Your assignment:
From the listing below, reproduce exactly the lines starting with the one with "Used HAAS VF3D" and going on through the one with "ipad video training", both ends kept. No picture is copied.

Provided records:
# # # # #
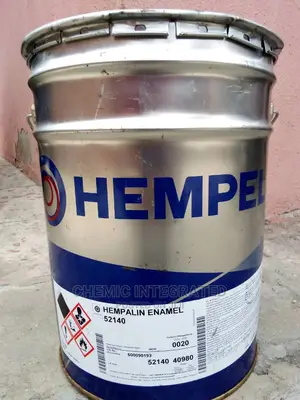 High Glossy Hempalin Enamel Marine Paint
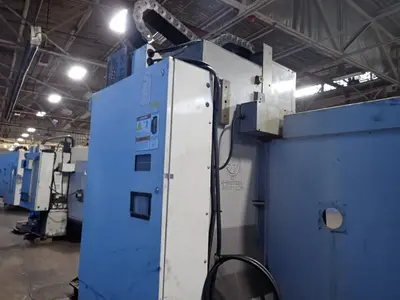 Used HAAS VF3D Vertical Machining Centers Ohio US | HGR 24 #946238
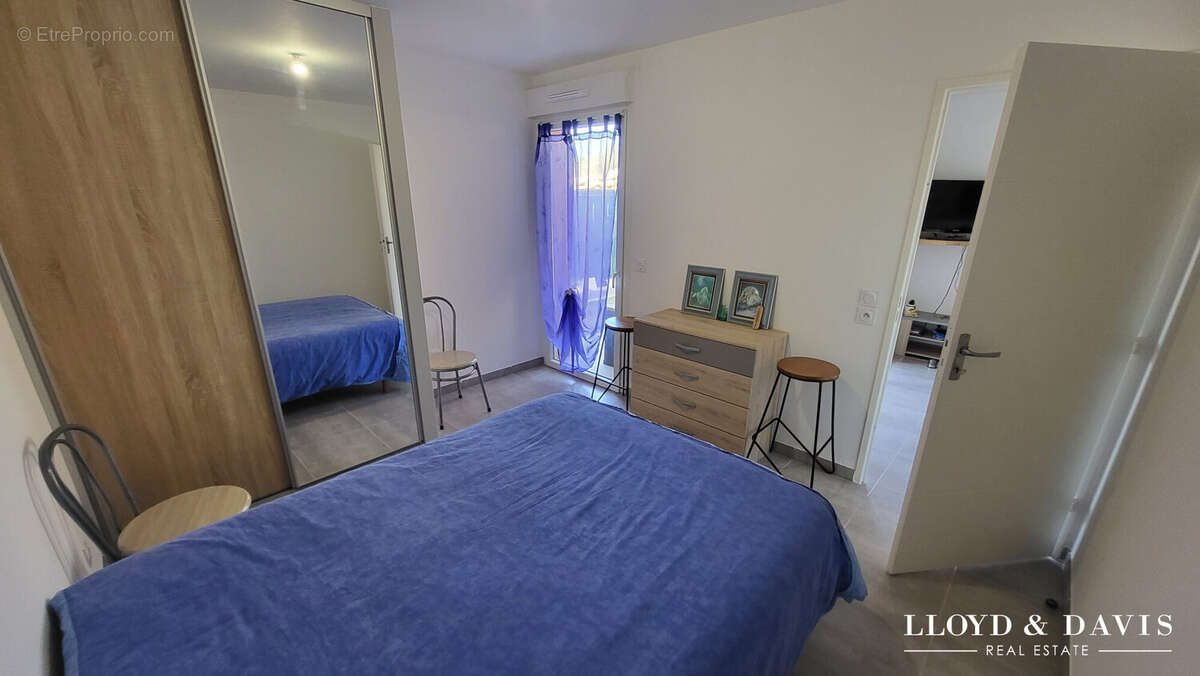 Appartement à SANARY-SUR-MER
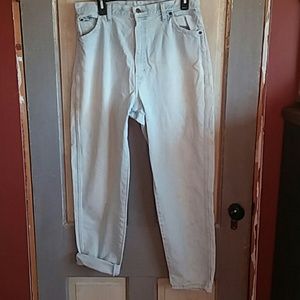 Vintage mom jeans high waisted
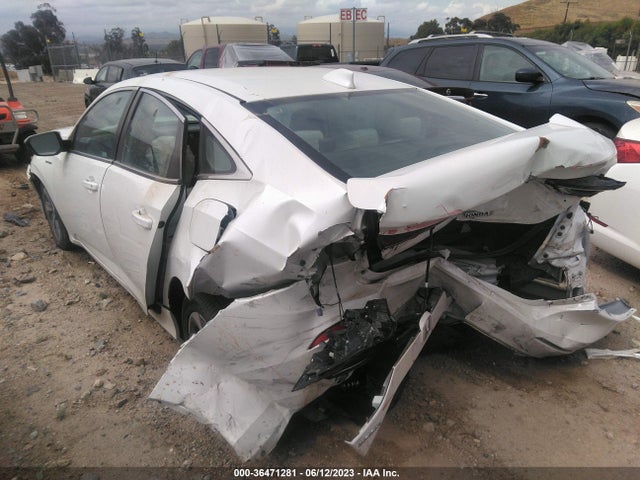 Honda INSIGHT EX 2020 19XZE4F56LE009624 Image 3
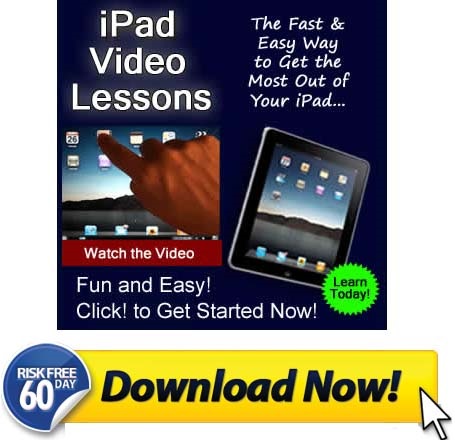 ipad video training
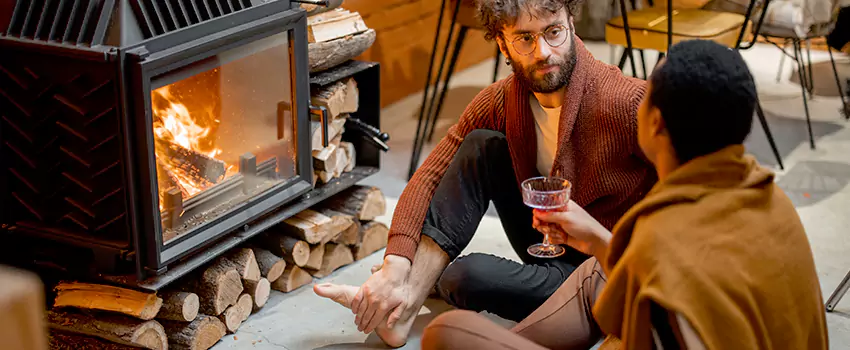 Fireplace Leaky Roof Repair in Goose Creek, South Carolina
# # # # #
Response to this task:
 Used HAAS VF3D Vertical Machining Centers Ohio US | HGR 24 #946238
 Appartement à SANARY-SUR-MER
 Vintage mom jeans high waisted
 Honda INSIGHT EX 2020 19XZE4F56LE009624 Image 3
 ipad video training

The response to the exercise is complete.